▸ **Task prompt**: For the entries below, copy exactly the line that contains "9156 Piccadilly Cir, Windsor, CA" through the line that contains "1-GR.MGKR.DOUCHE CONNECT AIR IS", both ends included, and exclude all pictures.

[[ Stored data open ]]

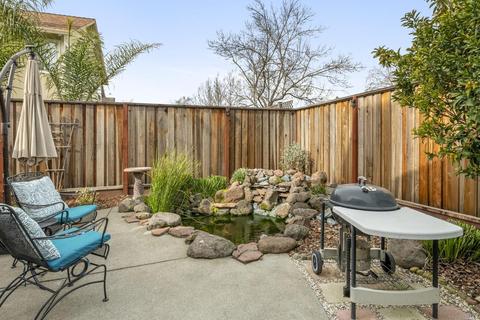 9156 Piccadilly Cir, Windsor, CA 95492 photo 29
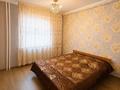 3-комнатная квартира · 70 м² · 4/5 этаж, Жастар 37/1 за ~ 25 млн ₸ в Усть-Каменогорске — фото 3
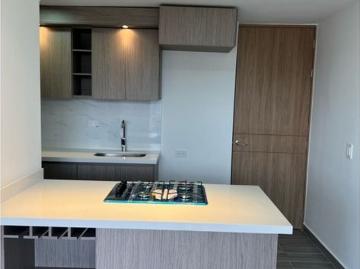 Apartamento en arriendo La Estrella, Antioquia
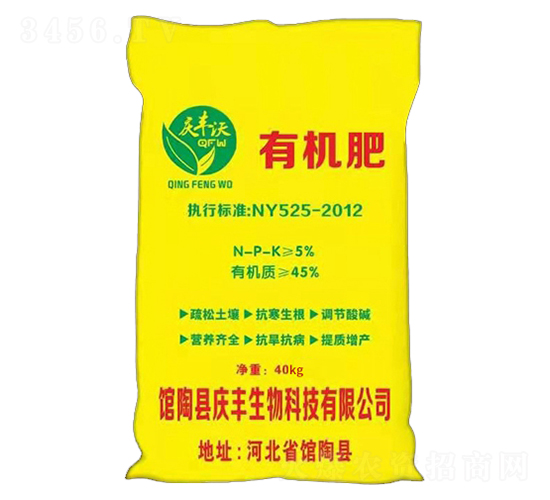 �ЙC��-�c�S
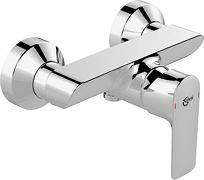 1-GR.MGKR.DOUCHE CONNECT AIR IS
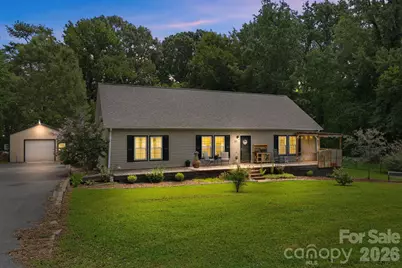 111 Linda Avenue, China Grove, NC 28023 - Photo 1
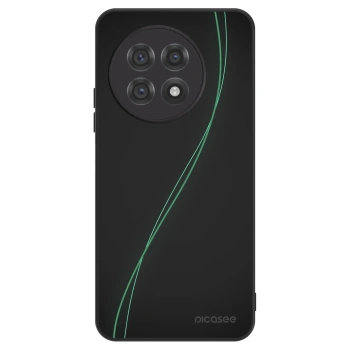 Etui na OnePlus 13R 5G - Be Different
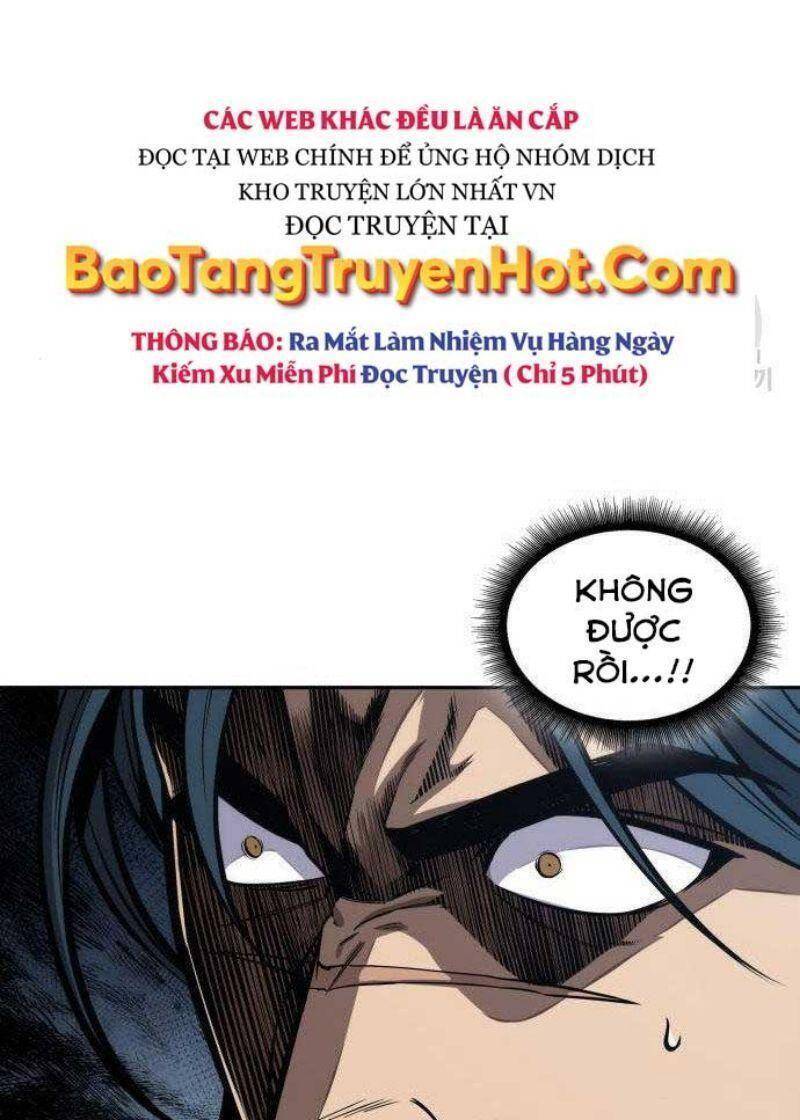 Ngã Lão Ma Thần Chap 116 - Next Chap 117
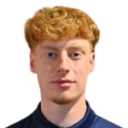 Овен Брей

[[ Stored data closed ]]
[[ Stored data open ]]

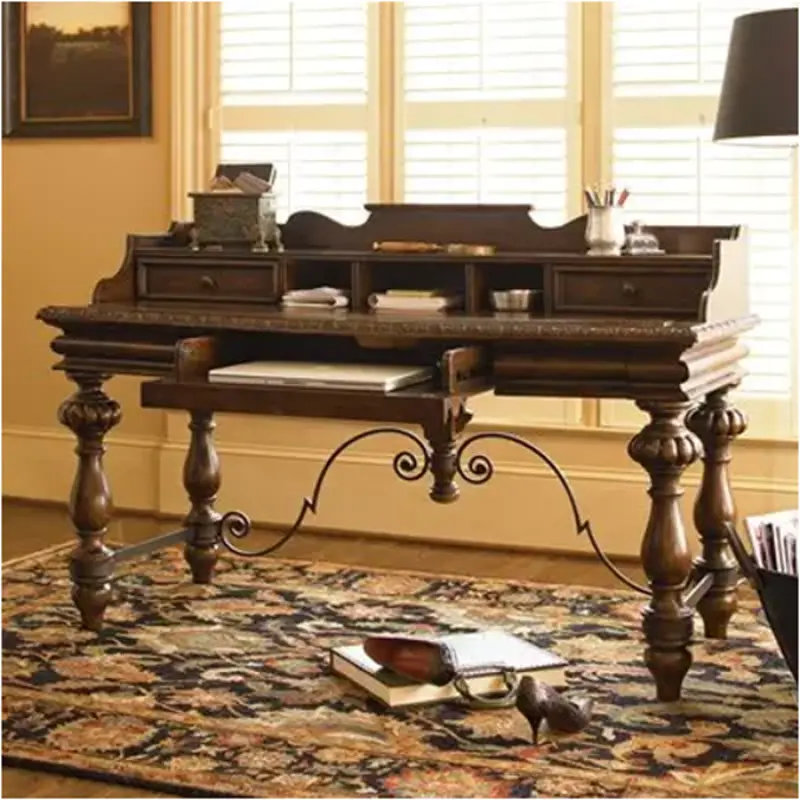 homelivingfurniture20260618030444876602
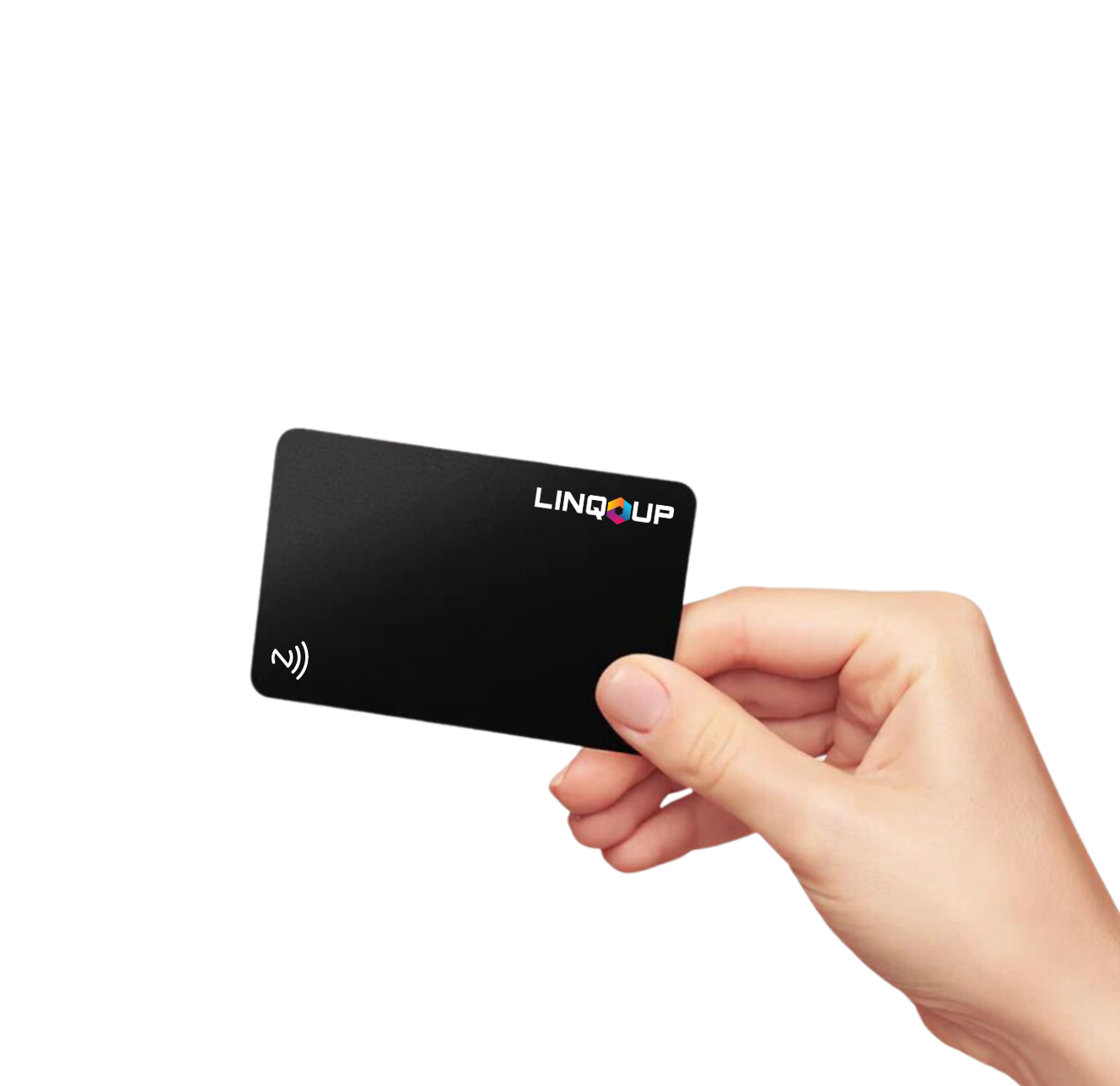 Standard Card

[[ Stored data closed ]]

▸ **Task response**:
 9156 Piccadilly Cir, Windsor, CA 95492 photo 29
 3-комнатная квартира · 70 м² · 4/5 этаж, Жастар 37/1 за ~ 25 млн ₸ в Усть-Каменогорске — фото 3
 Apartamento en arriendo La Estrella, Antioquia
 �ЙC��-�c�S
 1-GR.MGKR.DOUCHE CONNECT AIR IS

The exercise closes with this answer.